Iceberg Lakehouse on Azure: A Step-by-Step Guide with OLake and Lakekeeper
Running Iceberg on Azure usually means gluing together storage, catalogs, and data-loading scripts yourself. OLake does that for you: it streams database changes, writes Iceberg-compatible Parquet files directly to ADLS Gen2, and updates the catalog automatically.
The result is a query-ready Iceberg table on Azure with almost zero manual setup.
In this guide, we will demonstrate how OLake makes it easy to build a production-ready data pipeline on Azure. We will use OLake to orchestrate a best-in-class open-source stack:
- Lakekeeper: As our open-source Iceberg REST Catalog to manage table metadata.
- Apache Iceberg: As the open table format for reliability and performance.
- Azure Data Lake Storage (ADLS) Gen2: As the scalable storage layer for our data.

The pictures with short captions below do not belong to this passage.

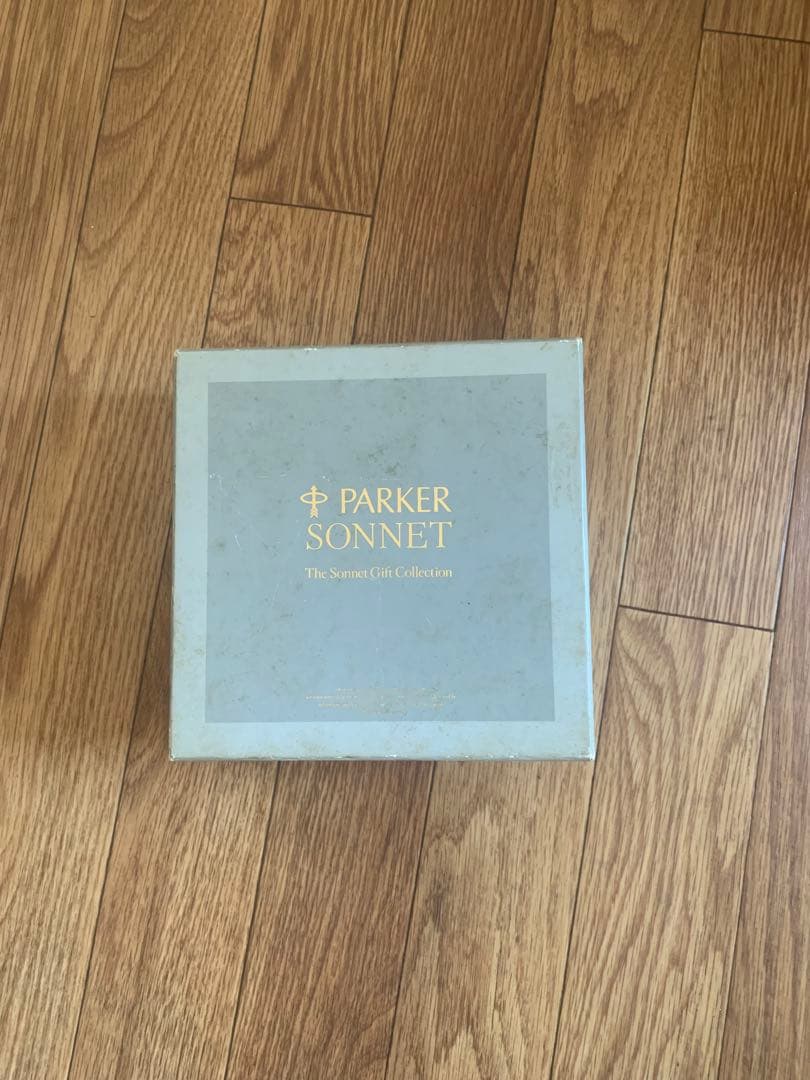 PARKER SONNET 万年筆セット インク付き、18金　750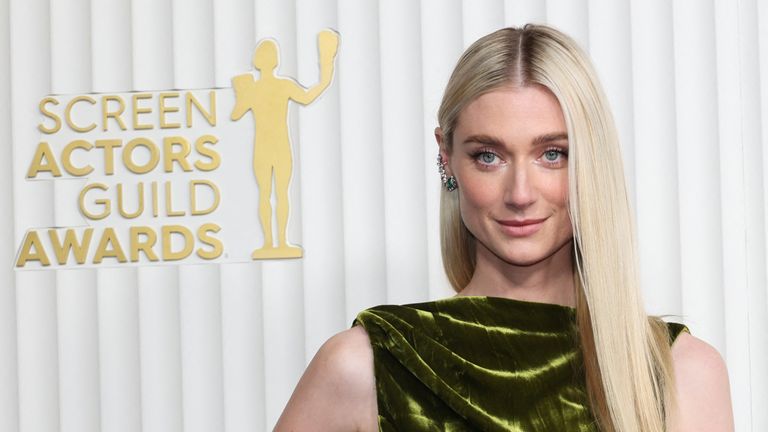 Elizabeth Debicki at the 2023 Screen Actors Guild Awards - she is nominated for her role in The Crown this year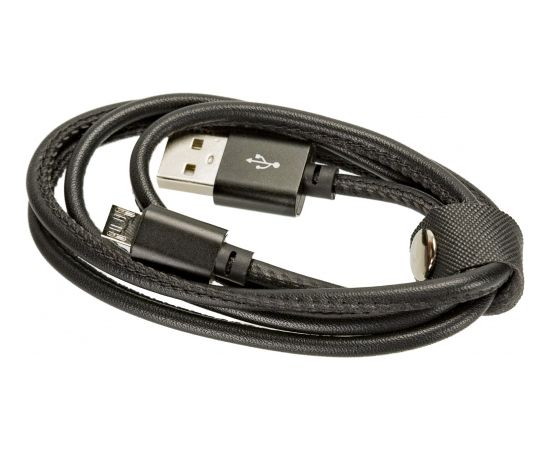 Platinet kabelis USB - microUSB 1m, melns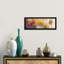 Three Long Blossoms by Beth A. Forst - Floater Frame Panoramic Painting on Canvas-2020888972-2020888968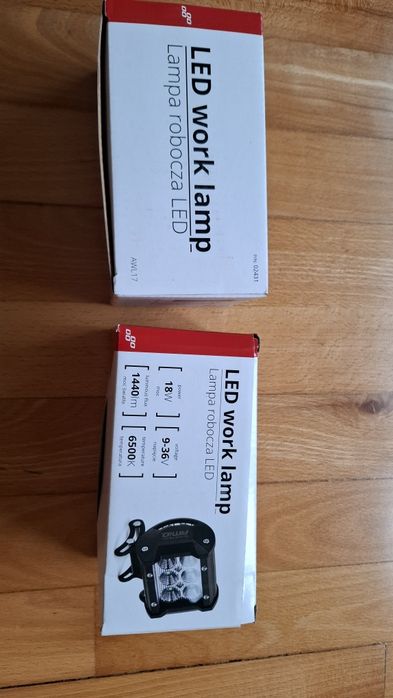 Farol de trabalho de 6 leds ( par )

By following these steps, you will see firsthand how OLake can help you set up a fully functional pipeline, writing data into a query-ready Iceberg table on your Azure subscription with minimal friction.
Architecture Overview
Before we begin, it's important to understand how these components interact:
- OLake (The Writer): Connects to your source database, reads data, formats it into Parquet files, and writes those files directly to Azure ADLS Gen2.
- Lakekeeper (The Catalog): Manages the metadata for our Iceberg tables. OLake communicates with Lakekeeper's REST API to commit new data files and update table versions. It does not store the data itself.
- Azure ADLS Gen2 (The Storage): This is the durable, scalable storage layer in Azure where all the actual Iceberg data (Parquet files) will reside.
Prerequisites
To follow this guide, you will need:
- An active Azure subscription with permissions to create resources.
- Docker and Docker Compose installed on your local machine.
- Git for cloning the required repositories.
Step 1: Prepare Azure Resources (via the Azure Portal)
First, we need to set up the storage foundation and credentials on Azure. All these steps are performed in the Azure Portal.
-
Create Service Principal: Create a new App Registration. This will be our application's identity.
Name:Olake Warehouse (Development)
Redirect URI: Leave emptya. When the App Registration is created, select "Manage" -> "Certificates & secrets" and create a "New client secret". Note down the secrets "Value".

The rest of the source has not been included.